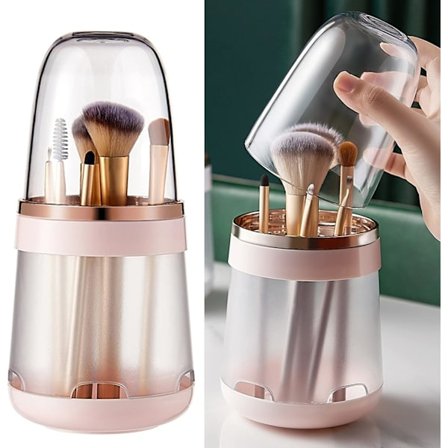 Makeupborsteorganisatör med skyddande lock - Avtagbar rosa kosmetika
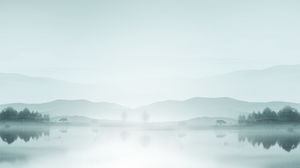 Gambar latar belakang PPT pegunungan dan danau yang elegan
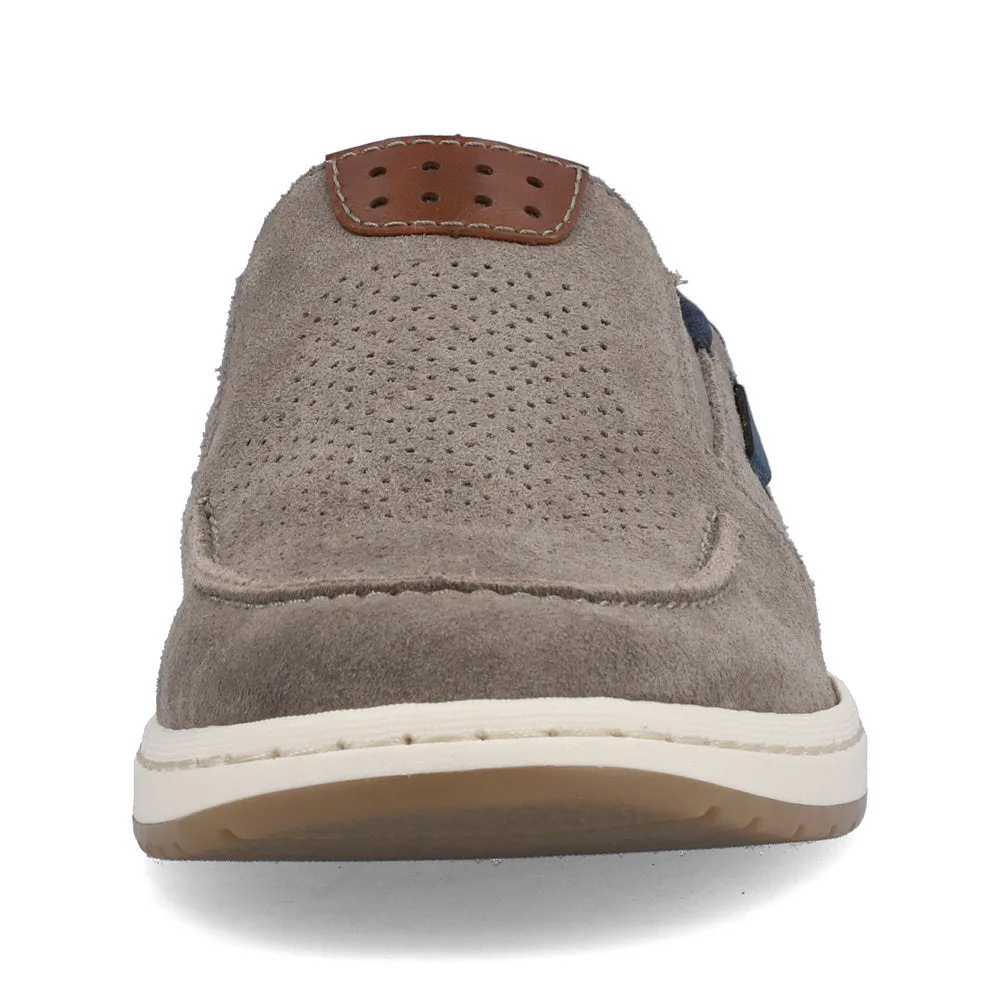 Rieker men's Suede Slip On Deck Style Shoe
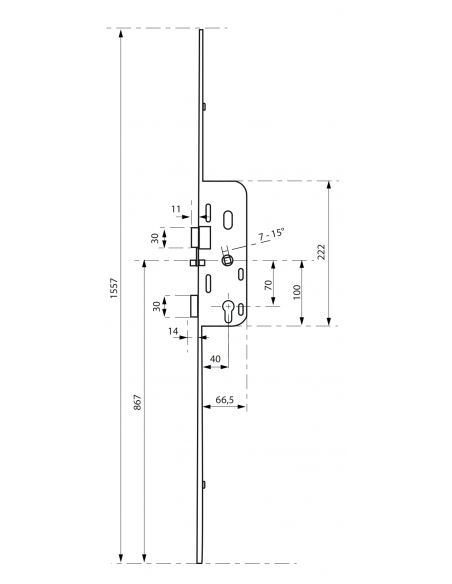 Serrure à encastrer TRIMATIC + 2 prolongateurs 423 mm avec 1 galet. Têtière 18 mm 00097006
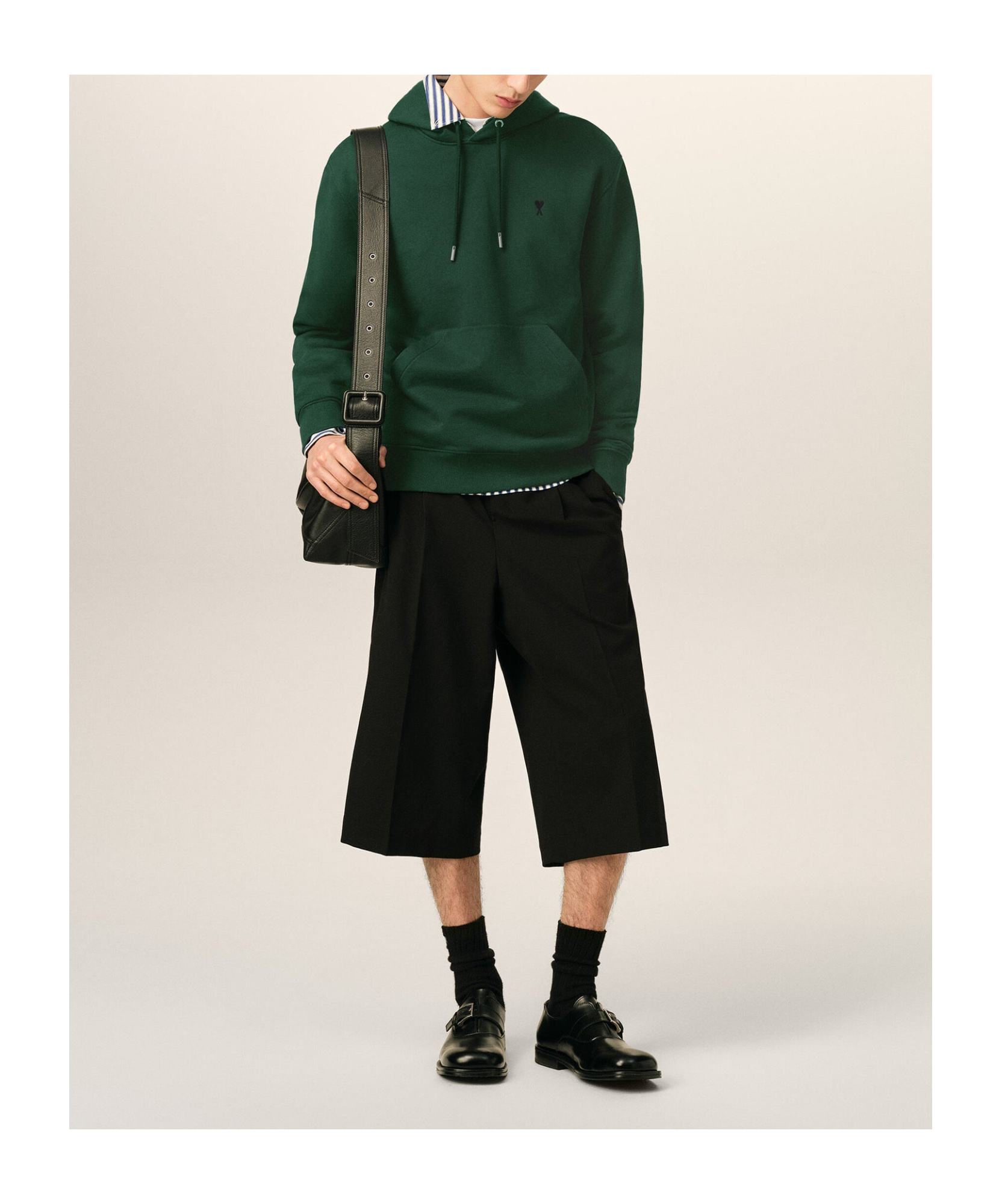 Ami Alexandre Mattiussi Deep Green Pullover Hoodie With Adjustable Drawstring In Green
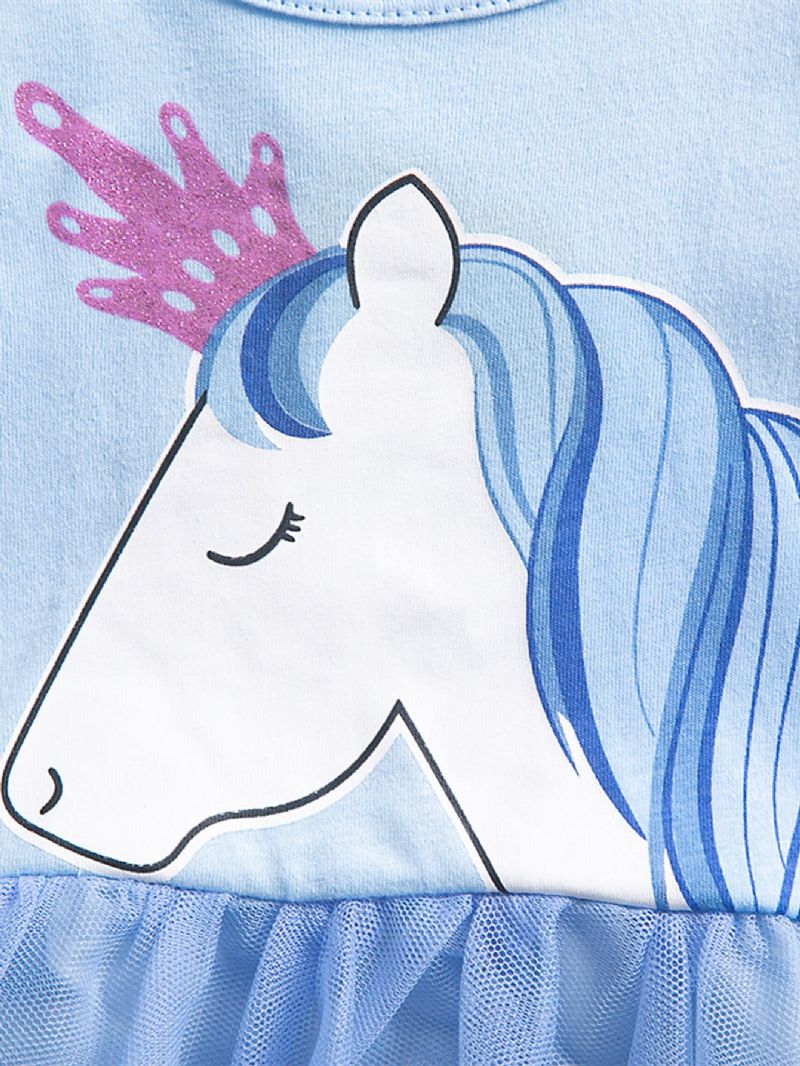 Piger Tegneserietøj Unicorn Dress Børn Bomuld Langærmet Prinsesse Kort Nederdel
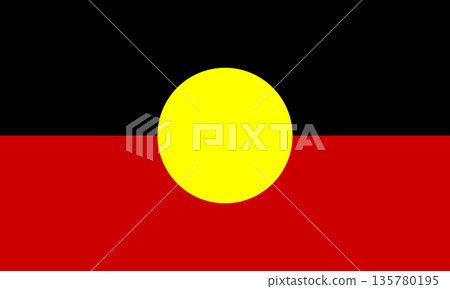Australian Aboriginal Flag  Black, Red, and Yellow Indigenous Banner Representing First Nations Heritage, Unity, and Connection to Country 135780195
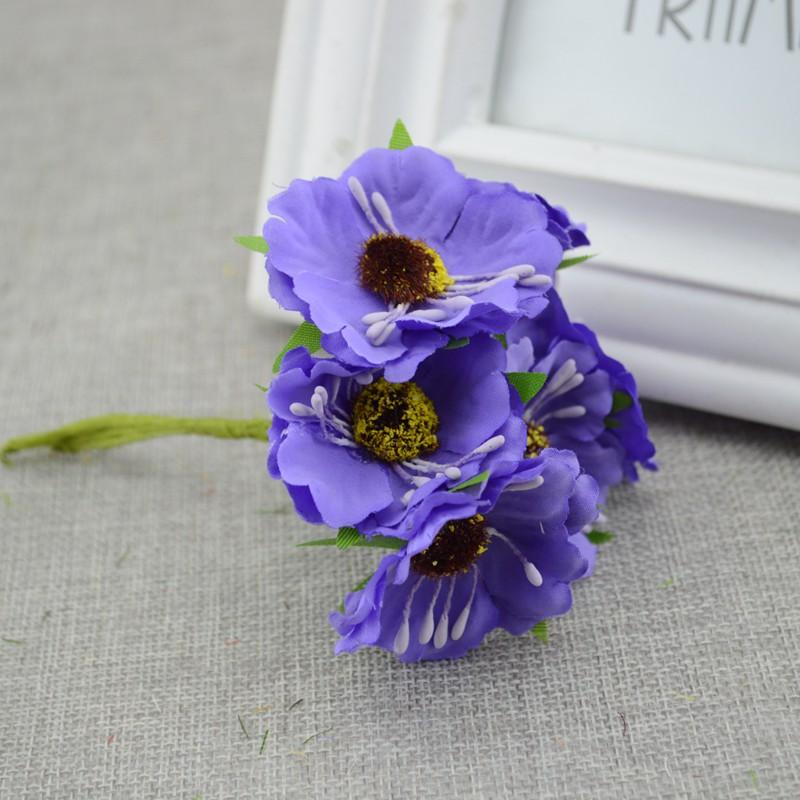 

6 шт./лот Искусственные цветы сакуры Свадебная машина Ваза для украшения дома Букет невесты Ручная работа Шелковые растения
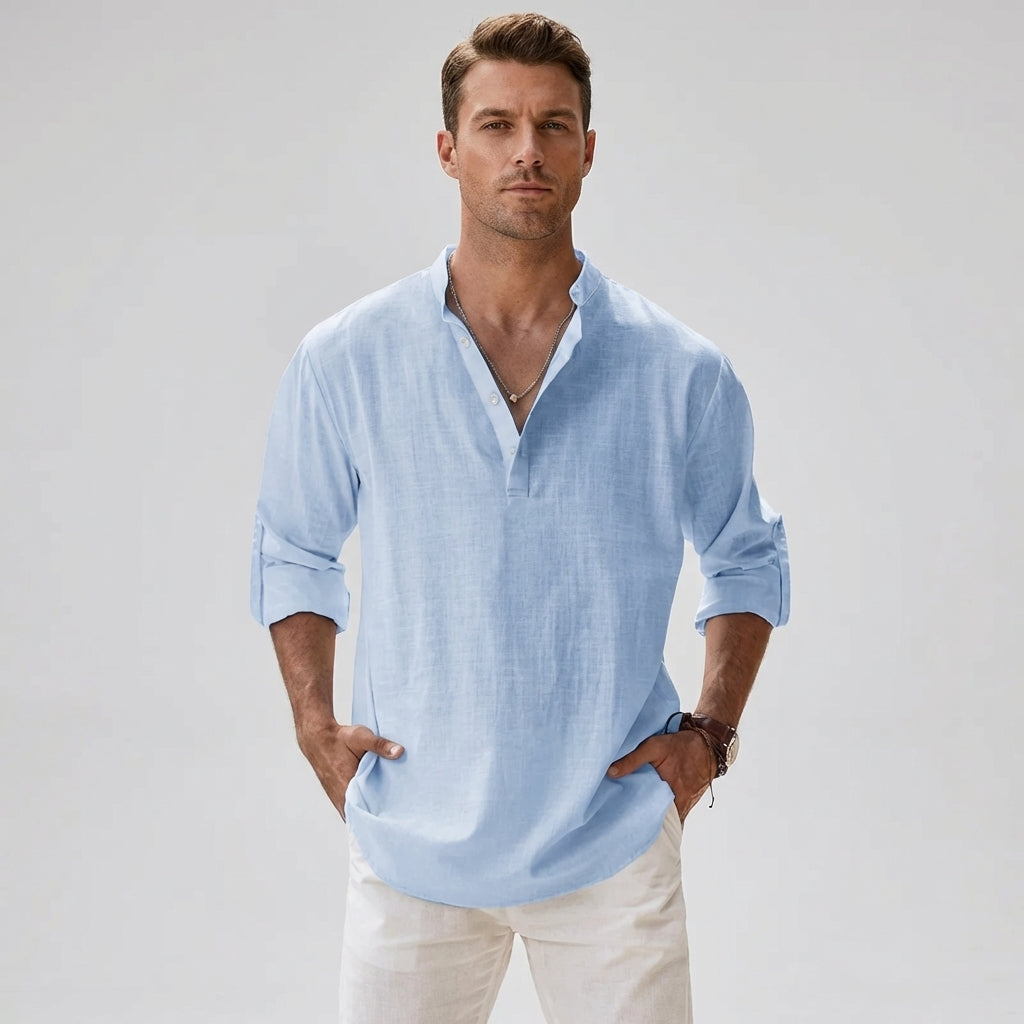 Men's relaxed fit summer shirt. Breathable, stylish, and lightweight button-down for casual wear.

### Exercise prompt
Exact copy, no pictures: set down all the entries again as they stand.

### Task solution
 Makeupborsteorganisatör med skyddande lock - Avtagbar rosa kosmetika
 Gambar latar belakang PPT pegunungan dan danau yang elegan
 Rieker men's Suede Slip On Deck Style Shoe
 Serrure à encastrer TRIMATIC + 2 prolongateurs 423 mm avec 1 galet. Têtière 18 mm 00097006
 Ami Alexandre Mattiussi Deep Green Pullover Hoodie With Adjustable Drawstring In Green
 Piger Tegneserietøj Unicorn Dress Børn Bomuld Langærmet Prinsesse Kort Nederdel
Australian Aboriginal Flag  Black, Red, and Yellow Indigenous Banner Representing First Nations Heritage, Unity, and Connection to Country 135780195

6 шт./лот Искусственные цветы сакуры Свадебная машина Ваза для украшения дома Букет невесты Ручная работа Шелковые растения
 Men's relaxed fit summer shirt. Breathable, stylish, and lightweight button-down for casual wear.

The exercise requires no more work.